<<<<

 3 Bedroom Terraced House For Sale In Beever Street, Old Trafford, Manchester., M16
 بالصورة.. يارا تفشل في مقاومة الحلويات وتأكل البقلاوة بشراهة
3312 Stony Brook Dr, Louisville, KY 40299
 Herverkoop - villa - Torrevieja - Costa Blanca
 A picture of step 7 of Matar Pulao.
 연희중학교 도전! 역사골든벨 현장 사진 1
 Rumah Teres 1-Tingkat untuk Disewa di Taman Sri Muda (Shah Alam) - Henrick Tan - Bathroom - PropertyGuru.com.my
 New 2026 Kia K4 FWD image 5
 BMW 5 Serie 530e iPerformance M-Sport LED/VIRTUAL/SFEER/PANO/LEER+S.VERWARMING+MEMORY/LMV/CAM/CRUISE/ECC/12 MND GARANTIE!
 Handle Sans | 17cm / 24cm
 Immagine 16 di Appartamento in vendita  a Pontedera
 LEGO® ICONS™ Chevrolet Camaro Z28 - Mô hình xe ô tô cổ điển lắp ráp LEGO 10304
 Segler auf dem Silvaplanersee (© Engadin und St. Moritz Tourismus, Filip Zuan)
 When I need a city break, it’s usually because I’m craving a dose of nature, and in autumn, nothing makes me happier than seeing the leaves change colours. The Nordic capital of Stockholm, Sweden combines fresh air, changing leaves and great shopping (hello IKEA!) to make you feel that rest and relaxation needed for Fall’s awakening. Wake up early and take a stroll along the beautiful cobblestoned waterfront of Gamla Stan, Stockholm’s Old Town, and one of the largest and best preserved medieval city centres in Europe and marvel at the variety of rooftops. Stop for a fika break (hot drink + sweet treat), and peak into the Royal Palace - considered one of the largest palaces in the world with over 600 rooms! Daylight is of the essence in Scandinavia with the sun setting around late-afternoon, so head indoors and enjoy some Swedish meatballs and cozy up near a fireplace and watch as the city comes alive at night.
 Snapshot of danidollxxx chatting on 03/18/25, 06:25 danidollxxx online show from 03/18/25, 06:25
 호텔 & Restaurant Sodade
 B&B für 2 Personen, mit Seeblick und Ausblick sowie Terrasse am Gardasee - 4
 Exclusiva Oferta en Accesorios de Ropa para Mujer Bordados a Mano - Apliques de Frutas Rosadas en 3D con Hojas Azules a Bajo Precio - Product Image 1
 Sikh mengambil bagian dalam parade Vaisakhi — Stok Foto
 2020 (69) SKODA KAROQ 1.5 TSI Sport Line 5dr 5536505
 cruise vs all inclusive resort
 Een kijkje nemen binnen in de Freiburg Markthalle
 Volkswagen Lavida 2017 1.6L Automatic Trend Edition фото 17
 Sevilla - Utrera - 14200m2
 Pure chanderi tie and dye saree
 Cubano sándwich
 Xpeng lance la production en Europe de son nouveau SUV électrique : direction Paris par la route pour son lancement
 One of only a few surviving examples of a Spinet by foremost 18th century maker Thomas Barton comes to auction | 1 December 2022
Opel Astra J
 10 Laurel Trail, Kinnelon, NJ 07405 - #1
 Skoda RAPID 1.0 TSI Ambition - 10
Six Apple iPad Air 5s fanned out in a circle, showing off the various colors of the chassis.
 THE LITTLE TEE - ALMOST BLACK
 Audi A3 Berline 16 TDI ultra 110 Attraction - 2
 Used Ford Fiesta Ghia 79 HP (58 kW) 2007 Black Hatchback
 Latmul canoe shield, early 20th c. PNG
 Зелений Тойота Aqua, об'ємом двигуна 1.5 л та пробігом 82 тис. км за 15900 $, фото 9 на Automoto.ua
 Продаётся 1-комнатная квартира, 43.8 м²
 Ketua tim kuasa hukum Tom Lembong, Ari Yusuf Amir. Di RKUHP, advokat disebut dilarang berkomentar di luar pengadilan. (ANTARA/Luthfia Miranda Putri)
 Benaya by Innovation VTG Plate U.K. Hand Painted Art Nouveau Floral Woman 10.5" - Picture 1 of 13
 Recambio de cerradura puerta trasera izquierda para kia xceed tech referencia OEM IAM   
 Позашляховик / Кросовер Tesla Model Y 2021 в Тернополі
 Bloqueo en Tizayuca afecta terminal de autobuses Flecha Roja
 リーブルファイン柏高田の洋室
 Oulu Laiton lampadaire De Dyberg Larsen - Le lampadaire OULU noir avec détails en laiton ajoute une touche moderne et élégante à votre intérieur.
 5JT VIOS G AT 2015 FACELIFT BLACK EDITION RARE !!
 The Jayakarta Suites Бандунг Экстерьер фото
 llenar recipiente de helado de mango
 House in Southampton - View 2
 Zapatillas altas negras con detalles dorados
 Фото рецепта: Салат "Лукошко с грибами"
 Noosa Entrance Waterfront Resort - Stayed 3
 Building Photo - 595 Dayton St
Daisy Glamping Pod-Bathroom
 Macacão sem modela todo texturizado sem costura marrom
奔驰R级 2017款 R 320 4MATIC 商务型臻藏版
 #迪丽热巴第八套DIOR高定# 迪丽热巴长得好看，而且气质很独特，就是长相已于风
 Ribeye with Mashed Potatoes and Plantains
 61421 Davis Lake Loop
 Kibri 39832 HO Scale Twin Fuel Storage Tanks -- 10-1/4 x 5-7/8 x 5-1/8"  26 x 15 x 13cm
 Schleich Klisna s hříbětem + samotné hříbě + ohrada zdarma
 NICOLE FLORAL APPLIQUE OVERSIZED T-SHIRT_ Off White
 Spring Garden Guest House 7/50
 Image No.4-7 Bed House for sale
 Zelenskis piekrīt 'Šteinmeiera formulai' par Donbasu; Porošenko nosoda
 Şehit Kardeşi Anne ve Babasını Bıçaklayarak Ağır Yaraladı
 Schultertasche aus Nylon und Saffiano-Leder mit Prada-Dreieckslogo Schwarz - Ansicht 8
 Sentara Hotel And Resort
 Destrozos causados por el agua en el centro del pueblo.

>>>>

# Work item
Everything in the material above from the line that has "Herverkoop - villa" through the line that has "Rumah Teres 1-Tingkat" must be duplicated exactly, with no other lines given.

# Exercise answer
 Herverkoop - villa - Torrevieja - Costa Blanca
 A picture of step 7 of Matar Pulao.
 연희중학교 도전! 역사골든벨 현장 사진 1
 Rumah Teres 1-Tingkat untuk Disewa di Taman Sri Muda (Shah Alam) - Henrick Tan - Bathroom - PropertyGuru.com.my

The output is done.